I was in the club workshop one day, grinding off a pedal corroded to a crank arm, when I heard a voice behind me. “So vot heppens in der rof wezzer?”

It was Captain Seaweed, his breasts sagging and folds of skin hanging off his shoulders like an old bull elephant. He had just two teeth left in his head. His eyes were cerulean blue and sunk back into their sockets.

Without waiting for a reply, he added, “Ent vot ebout der waater?” He was the type that talked at you, not with you, delivering his sentences in the monotone machinegun chatter of Scandinavians.

I gave answers, but when I tried to explain our route, I was interrupted. “If ya goin’ up dare to Indonesia, oy’d floy der Shveedish flag oy would. Doze crazy facking baarstards, dey’ll shoot’ya if ya say you’re Hamerican hor Heenglish. Floy der Shveedish flag. Dey never done nothin’ to nowan!”

He had a point, albeit a paranoid one. Ninety-eight percent of Indonesia’s 220 million inhabitants were Muslim, the highest percentage of any country in the world, and Islam produced more than its fair share of fanatics. A number of these, members of the radical Jemaah Islamiyah group, had recently been turfed out of Ambon and Maluku following bouts of religious cleansing between Christian and Muslim communities. It was this same looney tunes outfit that had slaughtered two hundred and two people, including one hundred and fifty two foreign nationals, in the 2002 Bali bombings.

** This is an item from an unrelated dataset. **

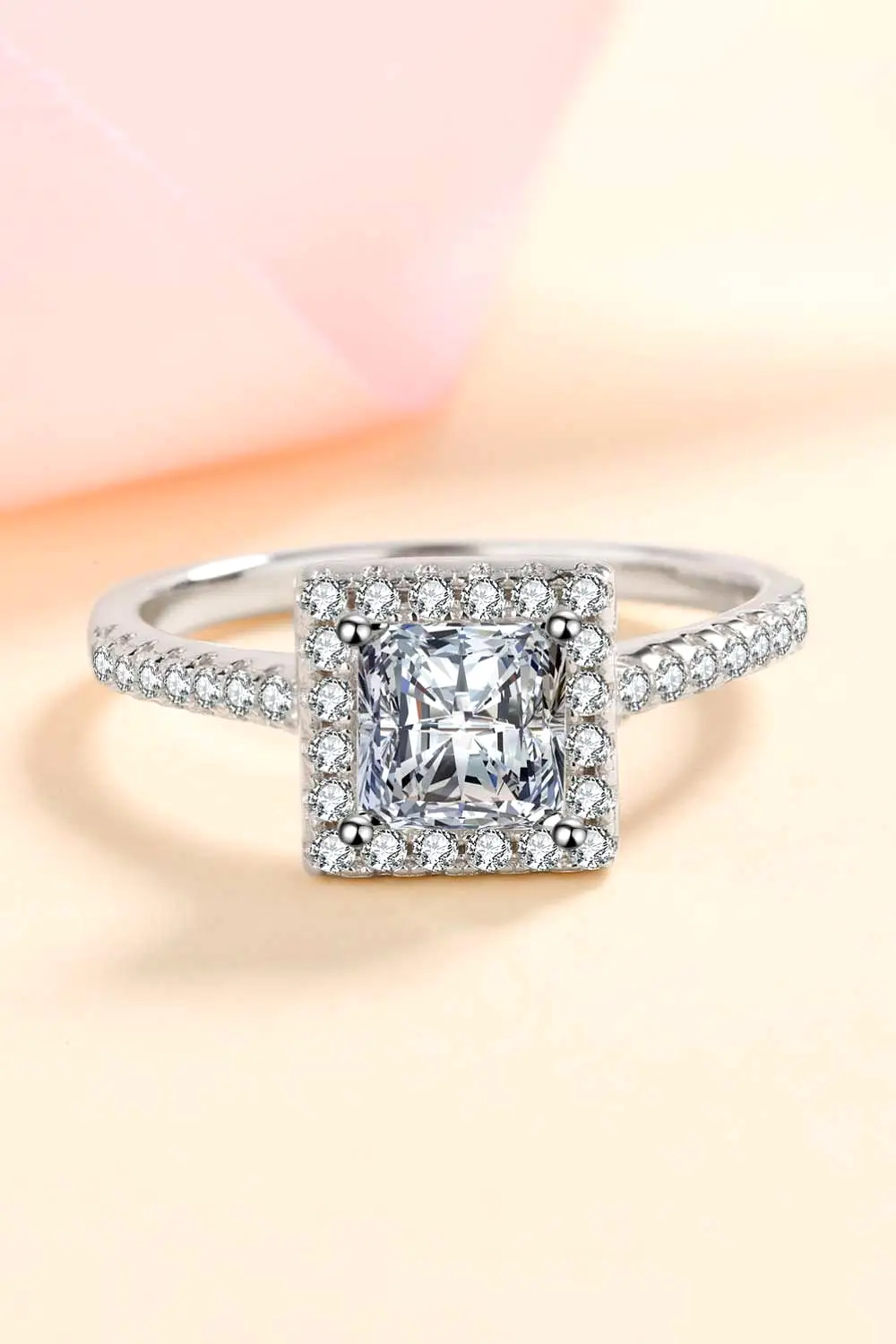 Sterling Silver Square Moissanite Ring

From then on Captain Seaweed became one of our biggest allies. An accomplished sailor, he was a wealth of information on the hazards of the Beagle Gulf, the body of water immediately north of Darwin. Most crucially, he photocopied detailed charts of the Apsley Straits, the narrow sea passage between Bathurst and Melvin Islands, which offered the best route to clear the eastern edge of Timor to reach Dili.